De vraag is hoe de kleine man eruit komt. Er wordt volgens Zunder veel rekenwerk gedaan om te kijken wat het BTW-tarief zal zijn. “De regering heeft in de afgelopen periode veel uitgegeven, met name door het verruimen van de schijven, en de belastingvrije grens te introduceren. De middelen moet men billijk weer terug halen om de overige overheidsuitgaven te kunnen financieren. Er wordt dus veel rekenwerk gedaan, maar het gaat in ieder geval zo zijn, dat de mensen die buiten het traditionele belastingsysteem vielen, nu dus ook zullen consumeren en mee betalen. Ook de toeristen gaan mee betalen. De verwachting is dus dat de BTW het ministerie van Financiën behoorlijk wat gaat opleveren enerzijds en anderzijds zal dit een verlichting betekenen voor de inkomstenbelasting van de bedrijven en de loonbelasting van de werknemers. Een van de problemen die voorkomen kunnen worden op een later tijdstip is het inningsmodel.”

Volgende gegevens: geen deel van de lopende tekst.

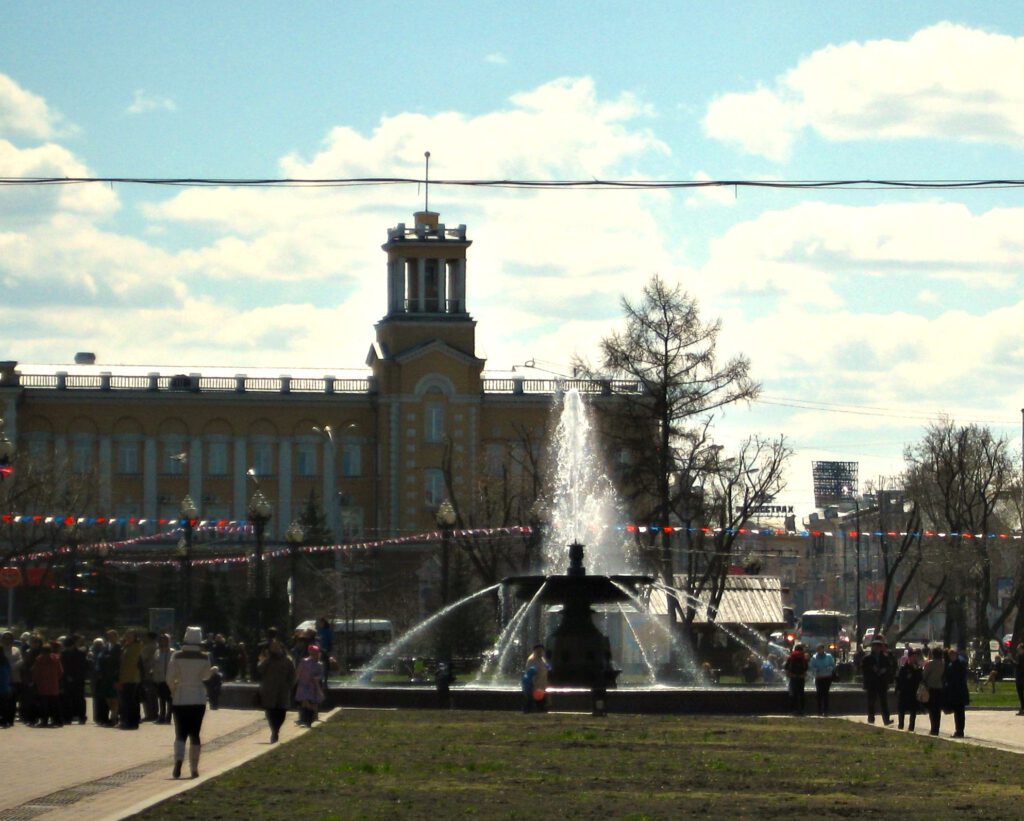 Kirow-Platz in Irkutsk mit Springbrunnen und Verwaltungsgebäude.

Volgens Zunder is dit het grootste probleem dat we in het land hebben. “Het probleem ligt in de naleving en controle. Gelukkig is Suriname niet het eerste land waarin de BTW wordt geïntroduceerd. Men kan dus altijd voldoende expertise binnen halen om extreme gevallen in het belastingsysteem te voorkomen.”

Bekijk via deze link het gehele interview met de heer Zunder: https://www.youtube.com/watch?v=BFW04Y2D91o.

P.Gr.

error: Kopiëren mag niet!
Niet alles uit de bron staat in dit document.